Juan Quintela wrote:
>  * add VARRAY_UINT16_UNSAFE: unsafe here means that type checking is off
>    (a.k.a. as a cast in C).  In this case the problem is that the last
>    element of one struct is int foo[0], and we allocate the right size
>    for the array we want.  Problem?  I haven't been able to abuse^Wuse
>    gcc + cpp + magic to typecheck that for vmstate:
> 
>    We have
>    struct FOO {
>         int32_t foo[0];
>    }
>    We want to "compare the type of foo (t1) with int32_t (t2)
> 
>         ((t1(*)[n])0 - (t2*)0)
>    This one don't work, because we don't have 'n'
>         ((t1(**))0 - (t2*)0)
>    This don't work either because t1 is one array.
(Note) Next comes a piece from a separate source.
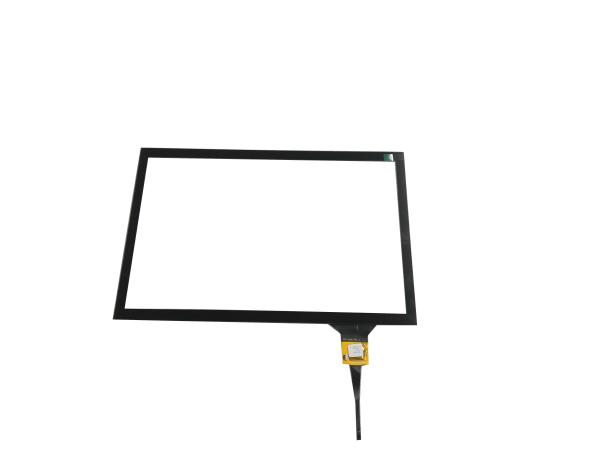 12.1 Inch Goodix Chipset Custom Capacitive Touch Screen For Car DVD Player Multi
>         ((t1(*)[])0 - (t2*)0)
>    Too clever, imposible cast to on array type.
>    I tried some other variants, but have not able to get one that compiles.

Since you mention GCC, is it ok to use GCC extensions?  __typeof__(t1)
often does the trick for this sort of thing where t1 alone does not
compile, even if t1 is a type.

__builtin_types_compatible_p(), __builtin_choose_exper and
__attribute__((__error__)) are good for informative error messages.